I am using TensorRT C++ API to deploy a model inference service. The problem I met is that under multi-threading conditions with lots of requests, the GPU utilization seems to be 70-80%.

My implementation is to create an engine with single execution context, and uses a std::mutex to protect the inference function call. The inference function looks like below.

int inference(std::vector& input_data) {
std::lock_guardstd::mutex guard(mMtx);
// copying data from host to device
// copying data from device to host

This locked part involves some memory copy steps, which will cause stalls of GPU execution.

Currently I choose a WAR which creates multiple processes, each process will create a TRT engine & context.

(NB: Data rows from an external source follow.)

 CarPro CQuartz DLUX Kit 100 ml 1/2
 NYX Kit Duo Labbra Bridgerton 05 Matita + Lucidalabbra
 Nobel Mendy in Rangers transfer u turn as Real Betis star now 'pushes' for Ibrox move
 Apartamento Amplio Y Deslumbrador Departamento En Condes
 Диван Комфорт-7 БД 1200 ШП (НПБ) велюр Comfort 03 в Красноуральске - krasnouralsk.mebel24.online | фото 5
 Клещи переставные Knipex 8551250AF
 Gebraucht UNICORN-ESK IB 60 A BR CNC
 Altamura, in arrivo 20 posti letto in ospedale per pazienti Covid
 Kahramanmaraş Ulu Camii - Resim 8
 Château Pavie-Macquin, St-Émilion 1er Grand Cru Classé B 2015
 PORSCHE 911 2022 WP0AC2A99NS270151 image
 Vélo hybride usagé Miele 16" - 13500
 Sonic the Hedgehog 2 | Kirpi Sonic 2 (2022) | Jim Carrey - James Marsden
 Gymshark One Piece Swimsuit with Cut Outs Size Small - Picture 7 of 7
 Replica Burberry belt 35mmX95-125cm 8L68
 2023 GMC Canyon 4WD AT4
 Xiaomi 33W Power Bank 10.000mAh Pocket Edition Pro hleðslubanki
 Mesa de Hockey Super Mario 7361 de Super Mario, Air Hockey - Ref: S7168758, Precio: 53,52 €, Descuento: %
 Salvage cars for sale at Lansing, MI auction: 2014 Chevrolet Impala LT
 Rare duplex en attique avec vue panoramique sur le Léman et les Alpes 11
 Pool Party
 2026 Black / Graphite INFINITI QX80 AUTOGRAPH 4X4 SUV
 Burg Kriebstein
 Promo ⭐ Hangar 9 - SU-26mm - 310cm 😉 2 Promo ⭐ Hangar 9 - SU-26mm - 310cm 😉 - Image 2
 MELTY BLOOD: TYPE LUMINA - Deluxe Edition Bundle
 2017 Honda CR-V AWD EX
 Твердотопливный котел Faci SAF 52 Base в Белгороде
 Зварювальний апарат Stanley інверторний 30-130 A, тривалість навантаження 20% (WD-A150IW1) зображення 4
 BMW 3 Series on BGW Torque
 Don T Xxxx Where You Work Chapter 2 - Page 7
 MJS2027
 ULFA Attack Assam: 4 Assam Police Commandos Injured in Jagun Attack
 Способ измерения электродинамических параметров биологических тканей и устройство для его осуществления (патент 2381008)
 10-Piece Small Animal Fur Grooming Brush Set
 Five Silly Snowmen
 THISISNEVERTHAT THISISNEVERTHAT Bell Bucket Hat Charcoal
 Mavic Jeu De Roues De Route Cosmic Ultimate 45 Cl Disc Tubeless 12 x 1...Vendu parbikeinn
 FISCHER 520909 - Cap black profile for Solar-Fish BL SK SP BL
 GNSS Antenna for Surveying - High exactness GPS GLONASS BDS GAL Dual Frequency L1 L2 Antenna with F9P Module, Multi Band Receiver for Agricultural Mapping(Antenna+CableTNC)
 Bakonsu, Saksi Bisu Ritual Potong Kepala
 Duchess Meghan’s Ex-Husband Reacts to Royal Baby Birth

By spreading requests to processes, the CPU latency can be hidden and the GPU utilization will increase.

But I am not sure whether it is a good practice.

I have also tried two other things,

  1. Create multiple engines and contexts in a single process. However, this won’t work. The process crashes and the debug message seems to be related to optimization profiles.

  2. Build the engine with multiple optimization profiles, and create multiple execution contexts in runtime. This will better utilize GPU when request number is large. But if there is, for example, only one request, the GPU latency seems to be greater in comparison with single context scheme.

Can I ask that what is the best practice for this scenario? Thanks!


TensorRT Version: TRT 7.0
GPU Type: Tesla T4
Nvidia Driver Version: 418.116.00
CUDA Version: cuda 10.2
CUDNN Version: cudnn 7.6.5
Operating System + Version: Debian 9
Python Version (if applicable):
TensorFlow Version (if applicable):
PyTorch Version (if applicable):
Baremetal or Container (if container which image + tag):

Hi, Request you to share the model, script, profiler and performance output so that we can help you better.

Alternatively, you can try running your model with trtexec command

or view these tips for optimizing performance


Hi @lihui.sun,

Please try following which may help you.

int inference(std::vector& input_data) {
std::lock_guardstd::mutex guard(mMtx);
// copying data from host to device
mContext->enqueueV2(bindings, stream, nullptr);
// copying data from device to host

Thank you.

Thank you, I will have a try and update results.